New Reviews of Old Comics
What’s the actual title of this comic? The Man Called Nova, or Nova? I’ve seen it listed various ways online. Regardless, you can always count on finding issues of Nova in the various bargain boxes at comic stores around the country, and I have previously reviewed Nova #20. Obviously I thought that one was good enough to grab another issue. The basic premise is Richard Rider, a working class teenager with various social issues is given super powers by an alien; sort of a Spider-Man meets Green Lantern kind of thing.

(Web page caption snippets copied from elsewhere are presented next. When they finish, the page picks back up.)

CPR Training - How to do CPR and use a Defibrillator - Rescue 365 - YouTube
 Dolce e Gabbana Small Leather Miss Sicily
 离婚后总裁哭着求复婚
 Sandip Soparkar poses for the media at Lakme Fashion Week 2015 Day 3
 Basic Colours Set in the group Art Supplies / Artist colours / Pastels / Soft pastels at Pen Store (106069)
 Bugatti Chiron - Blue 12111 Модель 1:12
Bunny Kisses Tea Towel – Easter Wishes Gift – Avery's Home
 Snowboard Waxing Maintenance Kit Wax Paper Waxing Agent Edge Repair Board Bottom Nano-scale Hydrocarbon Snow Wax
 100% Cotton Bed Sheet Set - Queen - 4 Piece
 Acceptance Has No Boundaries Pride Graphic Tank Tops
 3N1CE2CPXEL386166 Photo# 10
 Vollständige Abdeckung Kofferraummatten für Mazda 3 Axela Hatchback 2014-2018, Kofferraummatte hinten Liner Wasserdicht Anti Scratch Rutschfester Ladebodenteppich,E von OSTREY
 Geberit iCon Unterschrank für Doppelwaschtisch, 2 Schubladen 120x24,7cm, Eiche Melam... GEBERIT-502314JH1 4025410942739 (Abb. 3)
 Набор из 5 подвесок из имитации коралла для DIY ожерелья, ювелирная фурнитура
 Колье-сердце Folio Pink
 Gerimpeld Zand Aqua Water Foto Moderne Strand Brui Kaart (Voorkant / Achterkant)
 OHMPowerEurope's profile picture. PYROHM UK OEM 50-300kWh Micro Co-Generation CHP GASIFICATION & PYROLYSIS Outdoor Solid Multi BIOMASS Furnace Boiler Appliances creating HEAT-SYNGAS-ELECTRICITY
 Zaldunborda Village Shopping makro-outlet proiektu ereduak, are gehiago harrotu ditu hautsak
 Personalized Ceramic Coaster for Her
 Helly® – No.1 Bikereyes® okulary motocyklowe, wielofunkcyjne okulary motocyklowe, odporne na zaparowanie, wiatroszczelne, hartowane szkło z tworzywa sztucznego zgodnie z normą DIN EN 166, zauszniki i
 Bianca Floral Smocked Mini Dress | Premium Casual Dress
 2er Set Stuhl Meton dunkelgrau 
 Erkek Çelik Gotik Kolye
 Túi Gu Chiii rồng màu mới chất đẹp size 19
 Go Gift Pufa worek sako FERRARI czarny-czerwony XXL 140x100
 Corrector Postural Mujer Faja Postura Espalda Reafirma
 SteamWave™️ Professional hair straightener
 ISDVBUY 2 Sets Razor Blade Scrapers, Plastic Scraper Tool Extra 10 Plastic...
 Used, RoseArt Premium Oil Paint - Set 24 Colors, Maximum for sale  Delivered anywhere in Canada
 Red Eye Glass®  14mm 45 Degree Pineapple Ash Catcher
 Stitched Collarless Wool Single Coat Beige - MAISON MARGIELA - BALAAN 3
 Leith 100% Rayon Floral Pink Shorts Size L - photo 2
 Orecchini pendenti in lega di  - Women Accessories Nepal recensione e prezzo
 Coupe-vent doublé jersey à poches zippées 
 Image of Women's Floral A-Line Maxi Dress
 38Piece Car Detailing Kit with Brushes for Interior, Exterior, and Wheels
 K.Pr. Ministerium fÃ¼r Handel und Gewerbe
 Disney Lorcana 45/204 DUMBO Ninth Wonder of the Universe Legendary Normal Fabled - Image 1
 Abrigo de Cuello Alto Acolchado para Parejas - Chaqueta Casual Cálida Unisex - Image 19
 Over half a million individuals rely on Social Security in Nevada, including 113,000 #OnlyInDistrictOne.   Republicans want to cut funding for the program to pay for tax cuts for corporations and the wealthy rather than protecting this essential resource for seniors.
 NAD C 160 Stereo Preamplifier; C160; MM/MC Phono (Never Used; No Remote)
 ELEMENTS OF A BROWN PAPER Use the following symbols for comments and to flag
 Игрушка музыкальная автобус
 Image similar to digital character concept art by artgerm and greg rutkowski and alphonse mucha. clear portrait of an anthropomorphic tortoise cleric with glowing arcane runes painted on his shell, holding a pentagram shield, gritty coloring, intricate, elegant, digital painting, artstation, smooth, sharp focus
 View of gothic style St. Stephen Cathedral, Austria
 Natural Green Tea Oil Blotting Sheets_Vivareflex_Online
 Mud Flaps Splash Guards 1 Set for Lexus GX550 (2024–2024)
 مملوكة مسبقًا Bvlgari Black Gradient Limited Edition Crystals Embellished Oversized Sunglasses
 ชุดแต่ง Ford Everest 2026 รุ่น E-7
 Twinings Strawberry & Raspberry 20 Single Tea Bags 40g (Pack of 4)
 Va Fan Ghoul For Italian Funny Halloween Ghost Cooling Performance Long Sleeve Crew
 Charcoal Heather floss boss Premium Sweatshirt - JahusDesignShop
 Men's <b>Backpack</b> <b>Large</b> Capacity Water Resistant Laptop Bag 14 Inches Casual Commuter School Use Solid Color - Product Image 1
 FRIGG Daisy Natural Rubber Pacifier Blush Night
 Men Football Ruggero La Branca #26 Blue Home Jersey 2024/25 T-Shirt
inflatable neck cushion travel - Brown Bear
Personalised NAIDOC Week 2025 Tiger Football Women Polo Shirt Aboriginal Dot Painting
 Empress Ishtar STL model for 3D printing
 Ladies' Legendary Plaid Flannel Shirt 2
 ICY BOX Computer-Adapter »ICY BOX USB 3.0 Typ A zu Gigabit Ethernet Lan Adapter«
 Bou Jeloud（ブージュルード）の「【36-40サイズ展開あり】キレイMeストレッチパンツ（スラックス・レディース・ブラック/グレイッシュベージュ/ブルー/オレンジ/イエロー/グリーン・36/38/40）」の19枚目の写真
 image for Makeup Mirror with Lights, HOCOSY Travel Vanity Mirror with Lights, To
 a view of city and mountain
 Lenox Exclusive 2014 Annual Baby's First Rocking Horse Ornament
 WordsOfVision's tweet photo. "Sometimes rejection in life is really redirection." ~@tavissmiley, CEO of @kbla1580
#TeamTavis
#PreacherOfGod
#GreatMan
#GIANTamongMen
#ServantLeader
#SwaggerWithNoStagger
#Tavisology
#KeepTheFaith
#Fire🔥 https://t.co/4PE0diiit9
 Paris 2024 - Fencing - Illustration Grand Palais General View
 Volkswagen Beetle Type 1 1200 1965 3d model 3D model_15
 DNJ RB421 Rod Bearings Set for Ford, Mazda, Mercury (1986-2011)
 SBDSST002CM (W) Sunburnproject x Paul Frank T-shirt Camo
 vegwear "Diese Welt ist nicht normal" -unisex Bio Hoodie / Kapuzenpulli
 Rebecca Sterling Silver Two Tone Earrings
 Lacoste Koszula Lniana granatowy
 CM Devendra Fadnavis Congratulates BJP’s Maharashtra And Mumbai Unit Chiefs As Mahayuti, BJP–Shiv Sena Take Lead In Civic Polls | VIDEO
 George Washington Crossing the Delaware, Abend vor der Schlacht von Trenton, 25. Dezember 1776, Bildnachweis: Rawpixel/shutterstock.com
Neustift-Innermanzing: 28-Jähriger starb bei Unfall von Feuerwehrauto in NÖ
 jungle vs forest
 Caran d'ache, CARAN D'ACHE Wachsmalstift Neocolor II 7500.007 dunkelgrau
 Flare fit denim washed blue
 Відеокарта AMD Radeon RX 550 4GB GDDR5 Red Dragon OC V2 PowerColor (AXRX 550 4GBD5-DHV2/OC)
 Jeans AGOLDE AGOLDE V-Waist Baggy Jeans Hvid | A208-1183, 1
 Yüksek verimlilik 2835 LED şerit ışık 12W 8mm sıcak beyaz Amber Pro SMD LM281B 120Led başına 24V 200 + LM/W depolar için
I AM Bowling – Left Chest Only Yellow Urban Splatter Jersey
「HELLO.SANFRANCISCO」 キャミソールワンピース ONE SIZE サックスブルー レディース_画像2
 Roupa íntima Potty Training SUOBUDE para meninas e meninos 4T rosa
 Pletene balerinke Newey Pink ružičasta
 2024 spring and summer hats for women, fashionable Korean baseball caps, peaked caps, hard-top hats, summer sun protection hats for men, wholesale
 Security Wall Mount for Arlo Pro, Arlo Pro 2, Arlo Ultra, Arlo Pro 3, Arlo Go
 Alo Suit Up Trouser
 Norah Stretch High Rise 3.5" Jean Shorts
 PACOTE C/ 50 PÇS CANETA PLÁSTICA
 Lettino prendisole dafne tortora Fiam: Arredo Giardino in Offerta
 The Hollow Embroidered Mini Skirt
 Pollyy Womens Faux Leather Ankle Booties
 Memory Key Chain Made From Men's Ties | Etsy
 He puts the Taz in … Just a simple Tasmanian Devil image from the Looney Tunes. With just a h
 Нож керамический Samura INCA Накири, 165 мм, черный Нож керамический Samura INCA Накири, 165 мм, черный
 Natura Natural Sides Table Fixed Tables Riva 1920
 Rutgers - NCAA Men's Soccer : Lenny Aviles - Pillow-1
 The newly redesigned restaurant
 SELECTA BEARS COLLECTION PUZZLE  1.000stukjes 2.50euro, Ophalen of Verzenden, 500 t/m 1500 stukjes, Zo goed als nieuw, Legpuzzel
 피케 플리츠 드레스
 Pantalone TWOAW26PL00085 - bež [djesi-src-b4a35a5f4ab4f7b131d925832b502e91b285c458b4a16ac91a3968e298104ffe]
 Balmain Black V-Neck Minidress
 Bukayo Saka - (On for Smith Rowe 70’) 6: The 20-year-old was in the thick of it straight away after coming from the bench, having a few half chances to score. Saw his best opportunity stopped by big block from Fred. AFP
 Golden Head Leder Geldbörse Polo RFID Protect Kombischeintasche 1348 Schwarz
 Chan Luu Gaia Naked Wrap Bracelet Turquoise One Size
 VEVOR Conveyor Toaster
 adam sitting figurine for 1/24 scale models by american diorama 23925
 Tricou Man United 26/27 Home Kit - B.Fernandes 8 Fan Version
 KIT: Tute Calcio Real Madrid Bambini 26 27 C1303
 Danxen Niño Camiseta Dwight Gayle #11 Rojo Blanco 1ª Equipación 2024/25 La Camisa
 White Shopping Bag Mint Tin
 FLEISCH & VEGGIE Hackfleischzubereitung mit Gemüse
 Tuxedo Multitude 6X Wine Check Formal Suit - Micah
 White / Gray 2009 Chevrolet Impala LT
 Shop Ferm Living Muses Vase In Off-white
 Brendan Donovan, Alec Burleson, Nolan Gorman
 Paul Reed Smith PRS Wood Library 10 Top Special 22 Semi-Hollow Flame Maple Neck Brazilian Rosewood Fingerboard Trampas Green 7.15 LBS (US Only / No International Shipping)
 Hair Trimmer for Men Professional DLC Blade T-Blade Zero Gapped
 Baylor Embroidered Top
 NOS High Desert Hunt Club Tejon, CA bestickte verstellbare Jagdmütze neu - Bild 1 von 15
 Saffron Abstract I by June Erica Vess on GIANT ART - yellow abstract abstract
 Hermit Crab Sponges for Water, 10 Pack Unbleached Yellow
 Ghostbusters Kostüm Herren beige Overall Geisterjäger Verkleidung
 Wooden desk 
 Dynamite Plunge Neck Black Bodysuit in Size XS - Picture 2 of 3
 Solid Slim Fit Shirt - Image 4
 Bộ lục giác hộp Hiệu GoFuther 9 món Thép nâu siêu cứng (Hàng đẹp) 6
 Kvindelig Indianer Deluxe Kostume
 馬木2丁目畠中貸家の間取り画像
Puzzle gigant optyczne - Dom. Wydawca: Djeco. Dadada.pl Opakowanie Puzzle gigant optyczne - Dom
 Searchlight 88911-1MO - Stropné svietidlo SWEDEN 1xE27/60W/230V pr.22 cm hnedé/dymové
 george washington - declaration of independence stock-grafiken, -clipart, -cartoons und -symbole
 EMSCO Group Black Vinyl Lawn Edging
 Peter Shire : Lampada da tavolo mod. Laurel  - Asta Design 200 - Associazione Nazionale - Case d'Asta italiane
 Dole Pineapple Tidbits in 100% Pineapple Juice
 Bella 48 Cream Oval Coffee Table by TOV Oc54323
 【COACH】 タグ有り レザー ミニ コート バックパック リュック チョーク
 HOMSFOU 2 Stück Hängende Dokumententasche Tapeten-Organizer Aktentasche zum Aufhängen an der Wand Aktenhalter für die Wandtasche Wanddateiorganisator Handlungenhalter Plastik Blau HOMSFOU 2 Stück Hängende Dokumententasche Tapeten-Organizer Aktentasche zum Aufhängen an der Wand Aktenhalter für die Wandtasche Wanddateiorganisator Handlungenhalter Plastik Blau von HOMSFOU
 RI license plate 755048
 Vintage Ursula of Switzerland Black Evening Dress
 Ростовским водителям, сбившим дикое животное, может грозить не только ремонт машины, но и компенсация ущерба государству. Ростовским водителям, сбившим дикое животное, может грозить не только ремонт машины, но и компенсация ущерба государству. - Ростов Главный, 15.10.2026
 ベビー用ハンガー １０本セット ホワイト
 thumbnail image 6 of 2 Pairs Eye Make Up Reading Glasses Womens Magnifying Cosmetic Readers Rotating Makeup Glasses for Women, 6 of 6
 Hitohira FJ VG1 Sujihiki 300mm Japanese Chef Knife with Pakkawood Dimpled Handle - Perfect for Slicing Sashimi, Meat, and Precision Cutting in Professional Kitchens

“The First Night of ..The Condor!” written by co-creator Marv Wolfman with John Buscema and Joe Sinnott providing the action oriented pictures, opens with Nova busting up a bank robbery in progress. Bullets deflect off his impervious body and he knocks the would-be robbers out just as the cops arrive. Like Spider-Man, nothing can go right for Nova even when he saves the day. The cops want his real name, which he can’t give up to protect his secret identity, and the bank manager is pissed off because Nova blew out a giant window as he stormed into the bank to save the day. Watching all of this unfold nearby is The Condor, and bad guy who has plans for Nova. At home, Richard has a younger brother who is something of a genius who likes to invite crazy machines, and two working parents. Elsewhere the ever confident Condor continues to lay out his plans with his reluctant partner, Powerhouse. Reluctant because he doesn’t want to be a bad guy, doesn’t want to wear the garish costume but feels obligated to go along because The Condor saved his life. Back at high school, Richard Rider continues to make enemies with the star athlete. Hmmm. This part does sound a lot like Spider-Man, doesn’t it? This is all broken up when Rider notices Condor swooping by his school, so he changes into Nova and a fight scene ensues. Like a highway construction crew, Powerhouse does all the work while Condor sits on the side telling his partner what to do. I’m not sure how powerful Condor really is because as soon as the cops show up, he and Powerhouse make tracks. If you’re a true, powerful super-villain, are you really afraid of the cops? Back at home, a sullen Richard Rider plays fireman when his brother’s latest invention goes awry and he saves the day not with his powers, but with a fire extinguisher. This bit of foreshadowing comes in handy during the next fight scene when Nova uses a fire extinguisher to douse Powerhouse and end the issue.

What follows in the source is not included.